- Dataset content

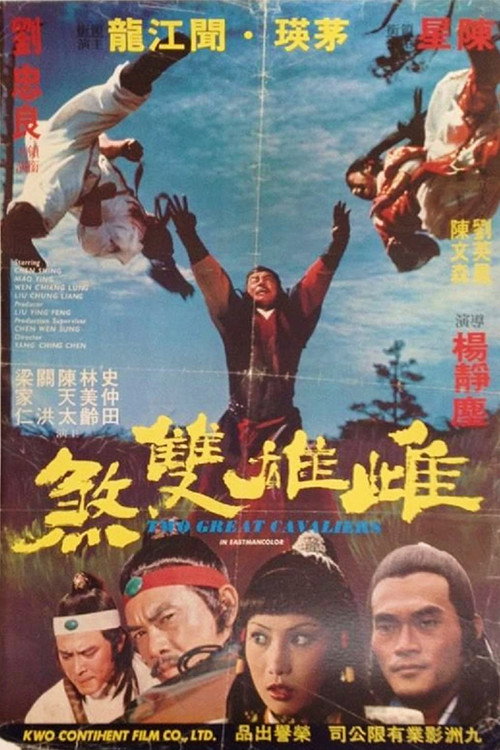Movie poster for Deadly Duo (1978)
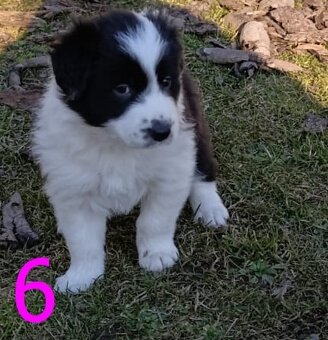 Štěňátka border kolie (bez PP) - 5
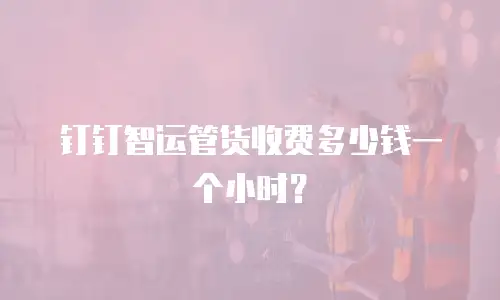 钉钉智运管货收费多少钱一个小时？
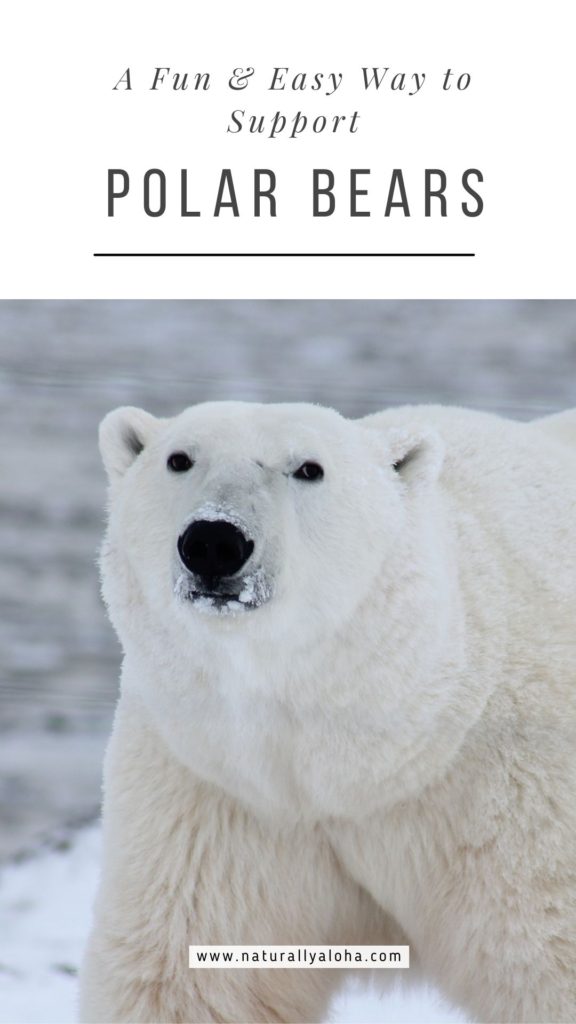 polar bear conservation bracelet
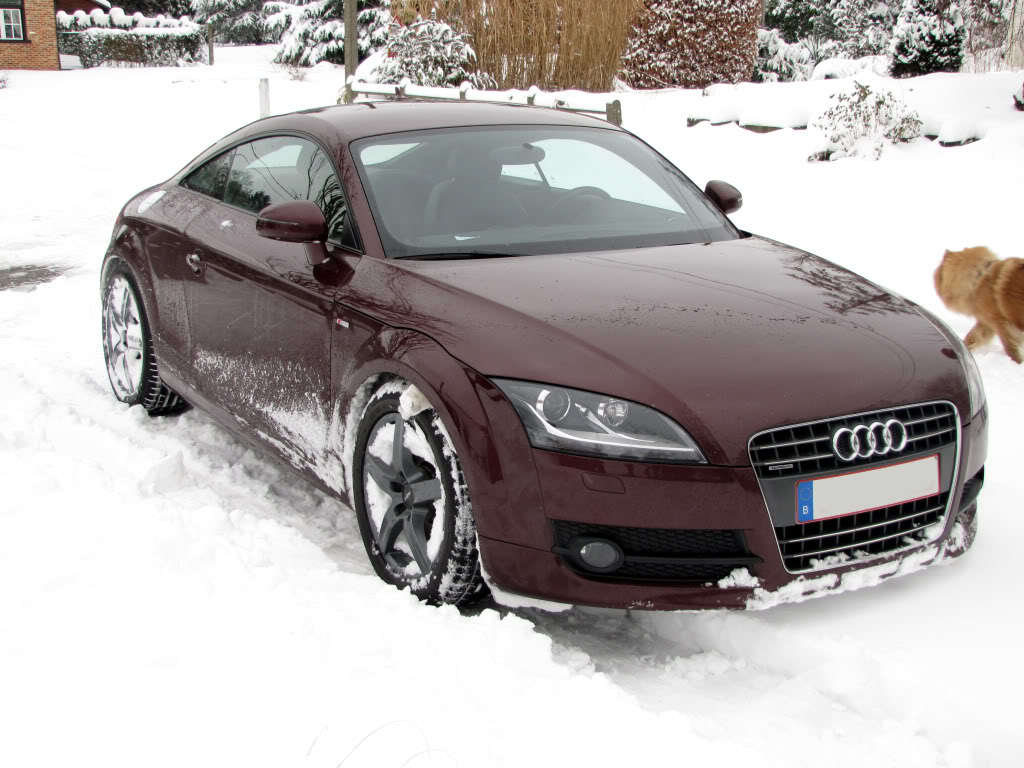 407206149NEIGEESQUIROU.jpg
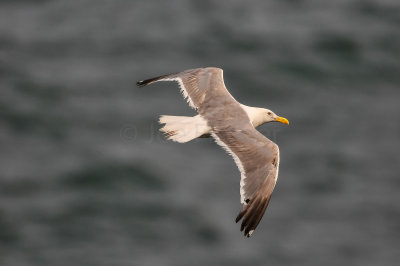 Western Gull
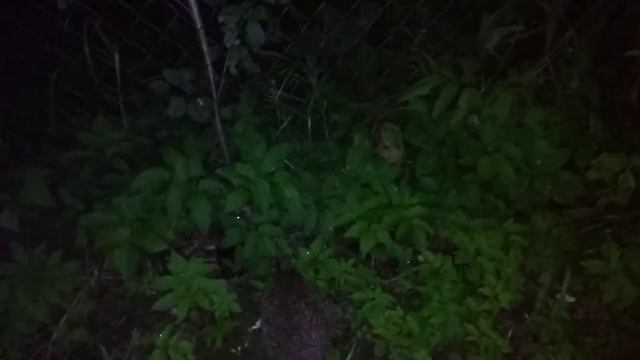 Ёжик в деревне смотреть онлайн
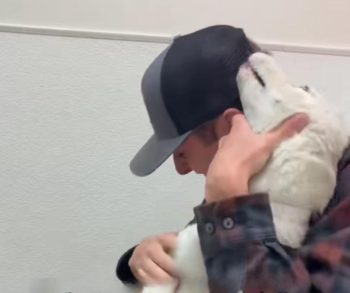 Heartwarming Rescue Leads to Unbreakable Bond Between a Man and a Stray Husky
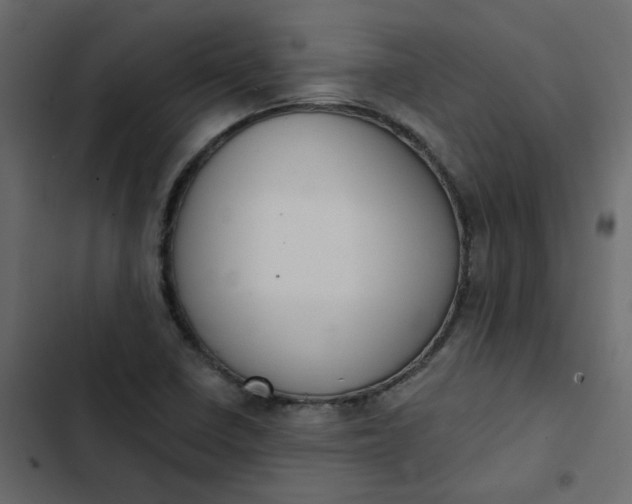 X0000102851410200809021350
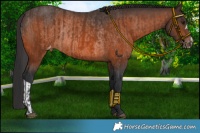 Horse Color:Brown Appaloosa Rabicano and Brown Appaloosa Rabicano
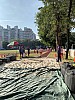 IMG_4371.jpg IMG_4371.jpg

- What needs to be done
The expected answer is the line with "Ёжик в деревне смотреть онлайн" followed by every remaining line of the listing, each restated exactly, with all pictures dropped.

- Reply to the task
 Ёжик в деревне смотреть онлайн
 Heartwarming Rescue Leads to Unbreakable Bond Between a Man and a Stray Husky
 X0000102851410200809021350
 Horse Color:Brown Appaloosa Rabicano and Brown Appaloosa Rabicano
 IMG_4371.jpg IMG_4371.jpg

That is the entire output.